## [Work required]
Would you return each record that follows word for word, without its pictures?

Web page caption snippets
== Segment start ==
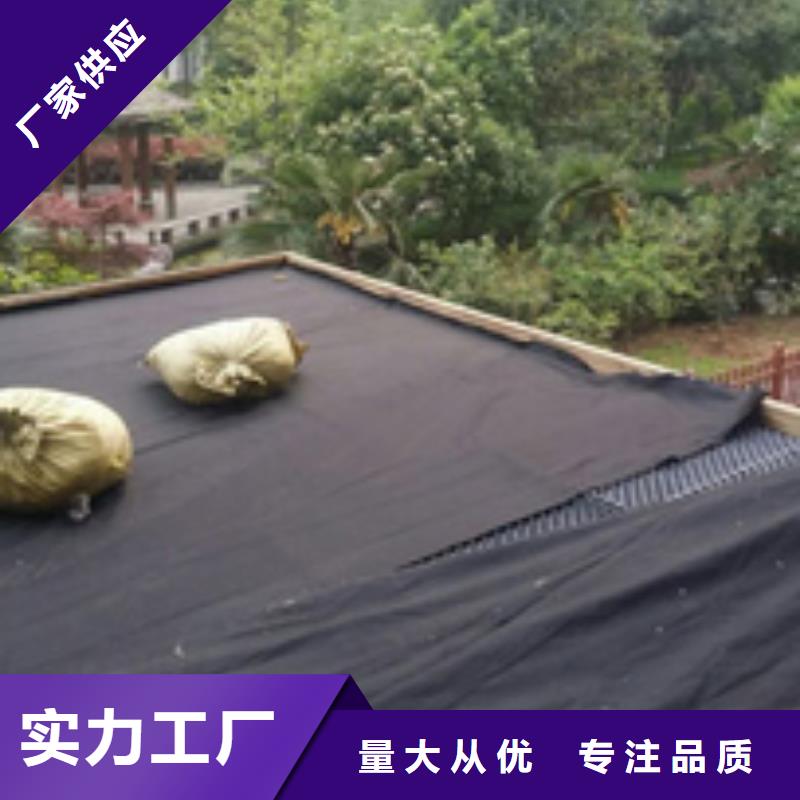 排水板大型廠家加工定制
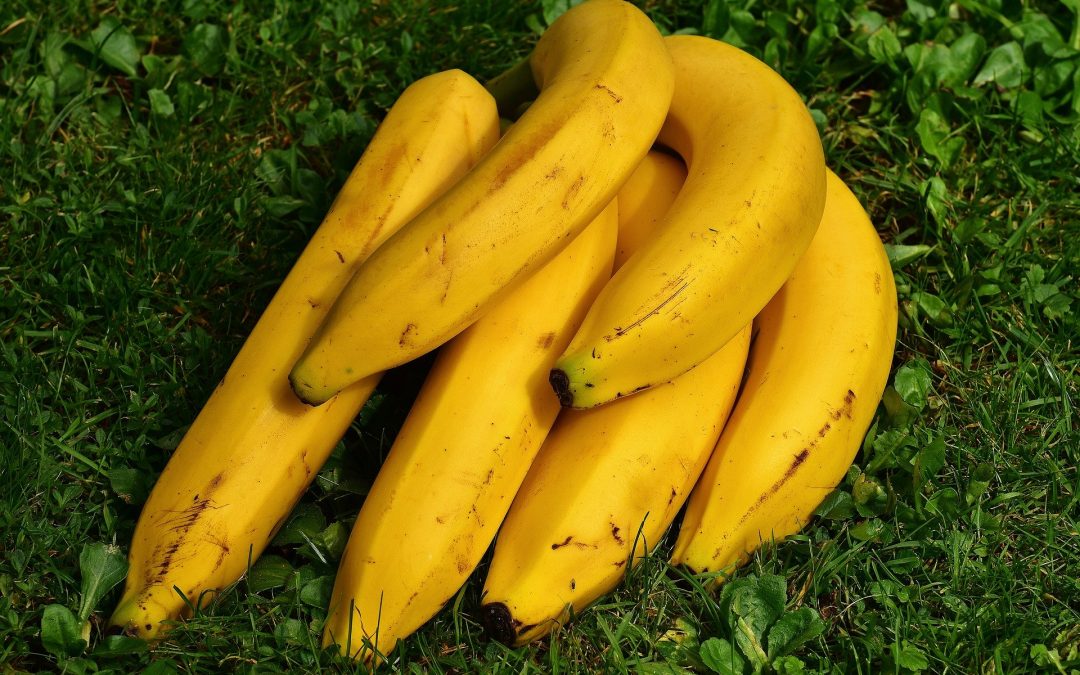 ¿A qué se debe la forma de los plátanos?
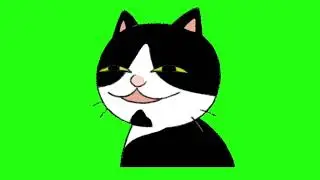 ✔️GREEN SCREEN EFFECTS: suspicious cat vibe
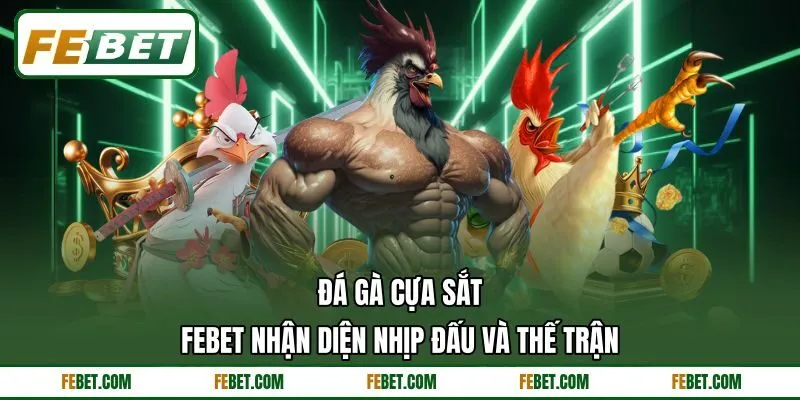 Đá Gà Cựa Sắt - FEBET Nhận Diện Nhịp Đấu Và Thế Trận
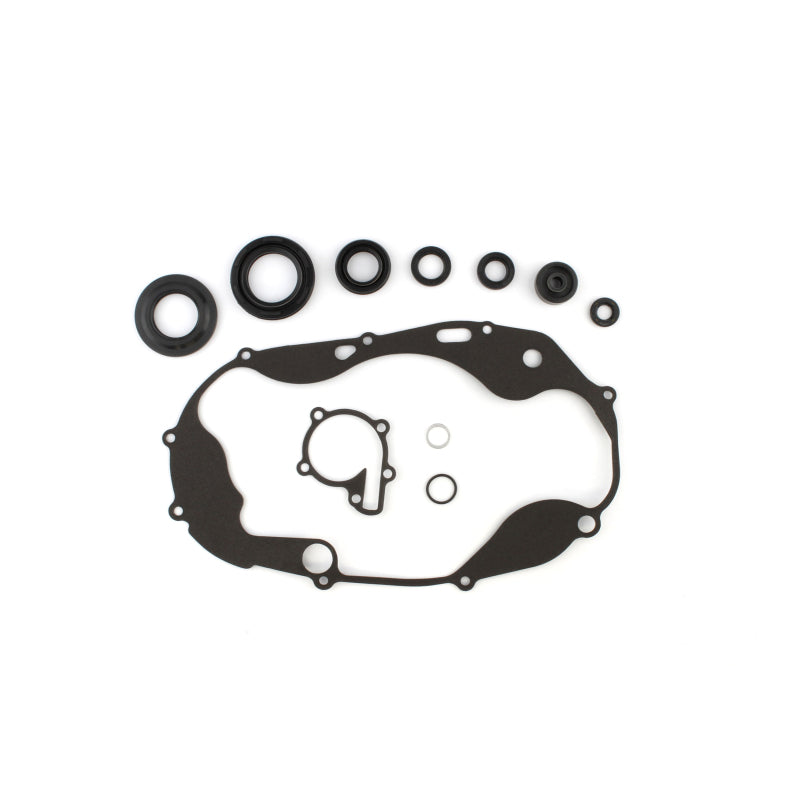 CG Oil Seal Kit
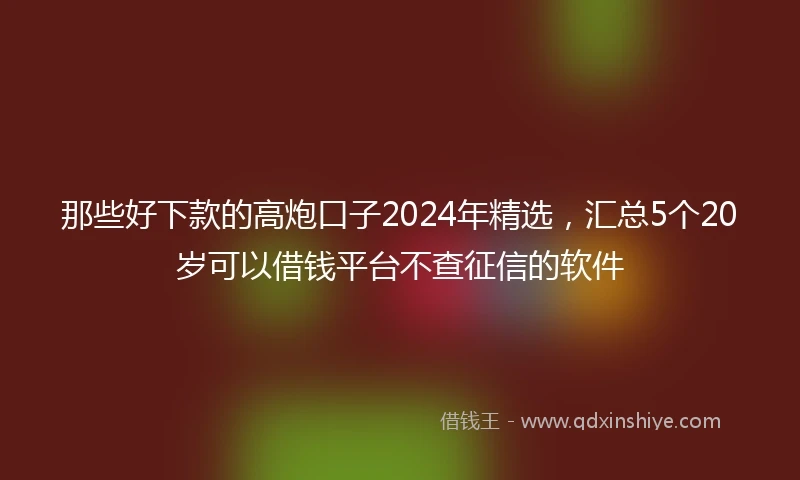 那些好下款的高炮口子2024年精选，汇总5个20岁可以借钱平台不查征信的软件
== Segment end ==
## [Exercise solution]
 排水板大型廠家加工定制
 ¿A qué se debe la forma de los plátanos?
 ✔️GREEN SCREEN EFFECTS: suspicious cat vibe
 Đá Gà Cựa Sắt - FEBET Nhận Diện Nhịp Đấu Và Thế Trận
 CG Oil Seal Kit
 那些好下款的高炮口子2024年精选，汇总5个20岁可以借钱平台不查征信的软件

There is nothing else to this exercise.